While the prestigious royal mile weight-for-age contest on 11 January will be his second run after a break, the main aim is to keep Vardy sound and in great shape. As to whether Vardy will go the 2000m of the Met, Adam says that based on the manner in which his charge disposed of One World in the Winter Classic, the extra 200m would be of no consequence for the current big race third favourite. He is also likely to run Twist Of Fate, a horse he is still getting to know.
“Joey Ramsden has done fantastically well with Twist and he is putting in really good work at home. He is a lovely horse and his track record speaks volumes of his ability.”
His shrewd move (winning ones always are!) to switch Missisippi Burning straight from the sprints to the Gr1 Cape Fillies Guineas mile was also an interesting one.
“They always say that one shouldn’t scratch where it’s not itching but she was actually getting outpaced in the sprints and Craig had to work hard on her to get her into the 1000m races. The Kenilworth 1200m is a fairly testing one and she won over that trip at her penultimate start. I have found that one can take them from the 1200m to the mile without too much of a shock. We had the option to run her against the older fillies in the sprint or against her own age group over the mile. We also did some research and found some stamina tendencies on her dam’s side. So, while one never knows at Gr1 level, she came through the test with flying colours – and all’s well that ends well.”
On the short-term plans for the flying grey, Adam says that she has had some racing so they may opt to go for the Gr1 Majorca on Sun Met day – which gives her five weeks break from racing.
Adam certainly has the pedigree to go all the way to the top. His champion Dad, Basil, was one of the world’s great jockeys in his time and got Adam going in his current profession.

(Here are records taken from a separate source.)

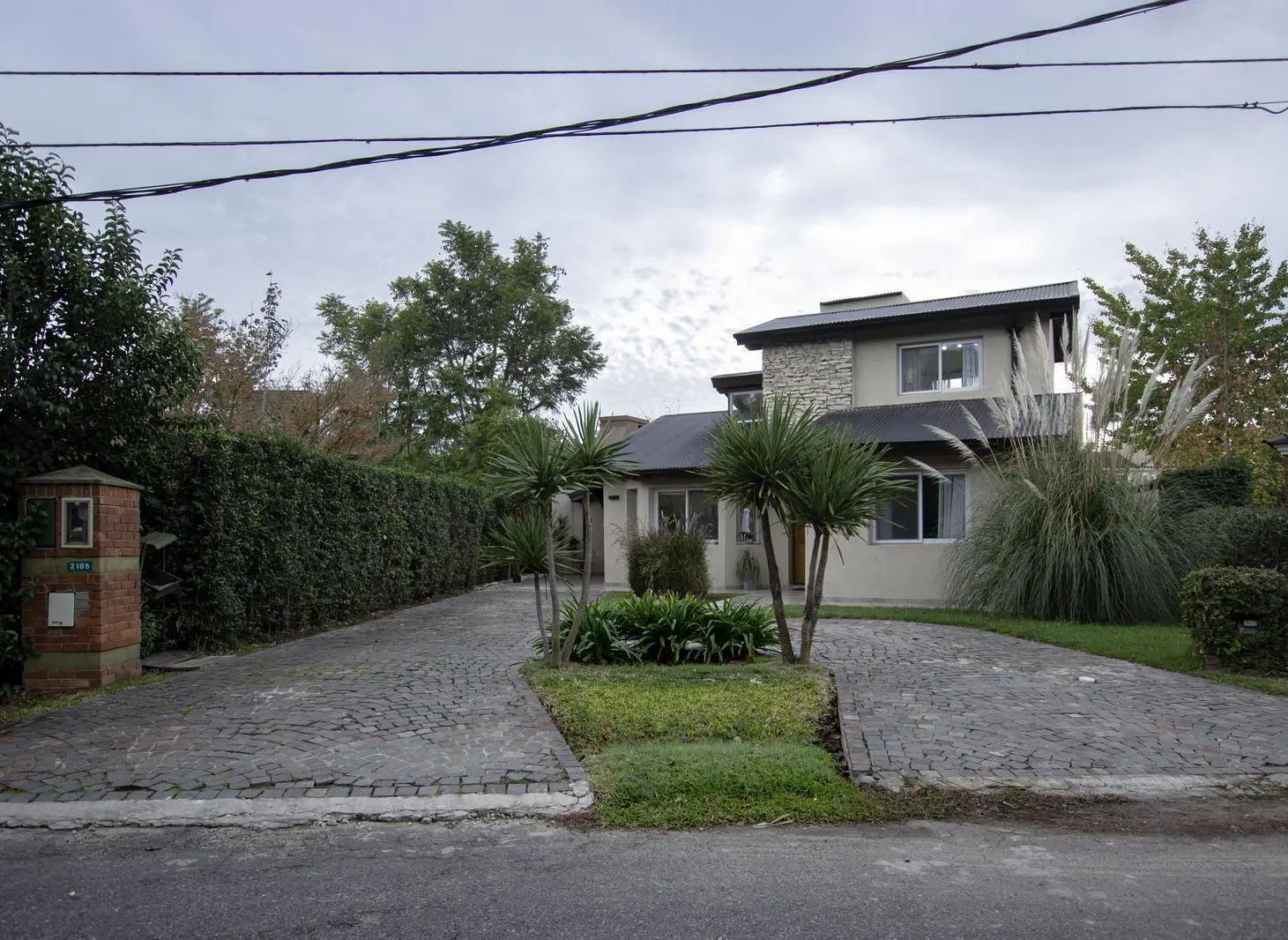 Estupenda casa en Banco Provincia impecable estado 4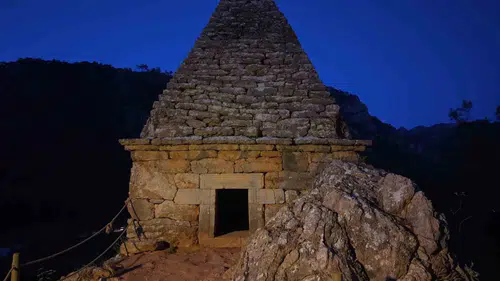 Marmaris’teki tarihi piramit mezar artık gece de görülebilecek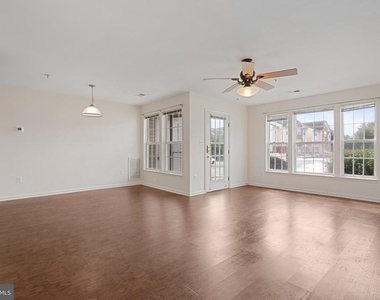 502 Bradley Court - Photo Thumbnail 10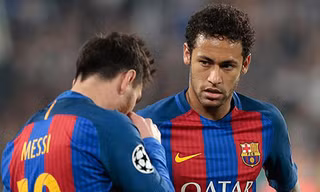 Barca bị cướp trắng quả penalty trong trận thua Juve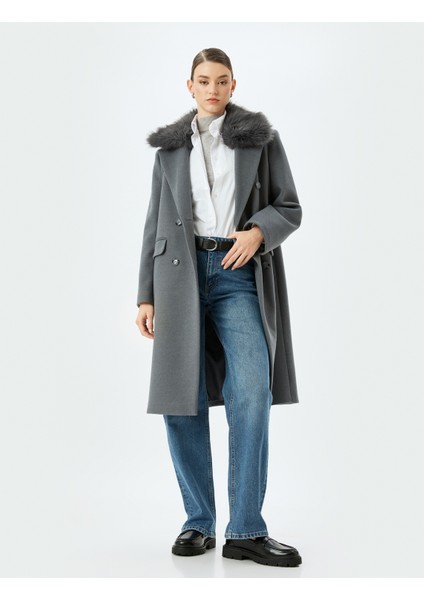 Çıkarılabilir Suni Kürk Yaka Detaylı Uzun Kaşe Kaban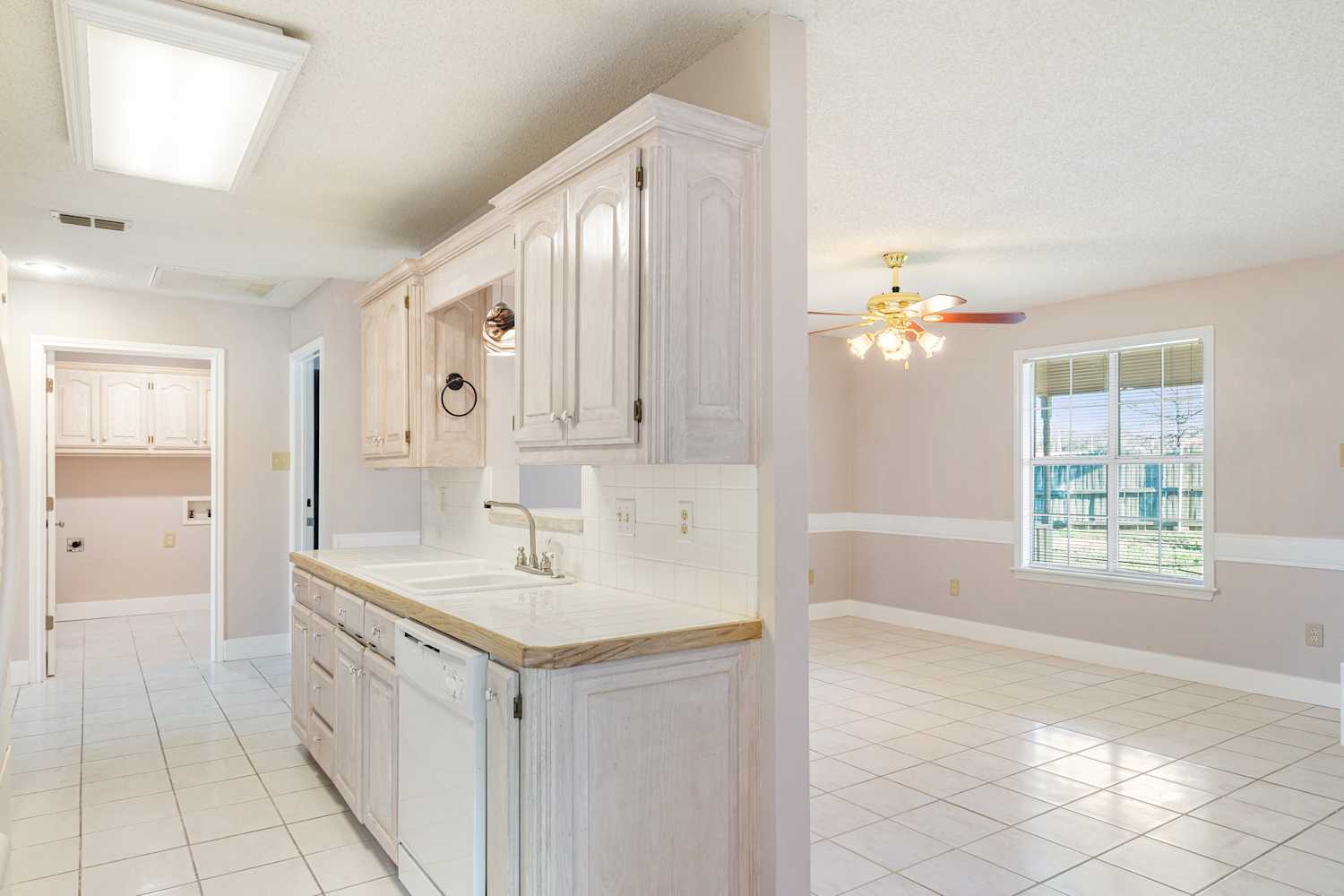 1880 Woodbridge Dr 29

Adam took out his trainer’s license at the tender age of 22, striking out on his own at 23. He started with six horses.
“I joked about aging fast. But this is a stressful job on an average day. It’s lovely when we are winning and the champagne is flowing. But there is a lot to do and plenty to think about. And dealing with flesh and blood, there are often curved balls to juggle. My Dad has given me a great foundation to work off. These days he pops in every fortnight and leaves me to do my own thing. He is very pleasantly distracted with the Grandkids keeping him busy. He is still there when I need his help though and he often imparts his wisdom and vast experience when I need to bounce things off him.”
Described by those that know him as a perfectionist, Adam was born in Durban and left for Hong Kong with his family at 18 months of age. He started his schooling in Hong Kong at the Japanese International School, then moved to England where he attended Cheam Hawtreys and The Oratory School. Upon returning to South Africa he completed Matric at Parklands College.
After school he travelled to Dubai for work experience with Herman Brown Jr. where he spent time with the likes of Jay Peg and Desert Links.
Things have developed in the ensuing years and Adam is set to become a more regular feature on the feature racing scene.
For now, there is still plenty of hard work to be done, despite the holiday spirit prevailing. Adam says that the Marcus family enjoys celebrating Christmas and they will be getting together and tucking into a sumptious lunch at his Step Gran’s house.
“My present socks are taking strain and I know I can always look forward to a few new pairs. Many people seem to think I need a variety of them – and even maybe the odd tie or two! It’s a wonderful family time to share and enjoy the gifts. I’d just like to wish all our customers and everybody in the racing and breeding industry a great year in 2020. This has not been a vintage year on many fronts, but I believe a team effort will get us back to greater days again. And the announcement of the news of the EU audit dates for our export protocols was the year-end tonic that we were all looking for!”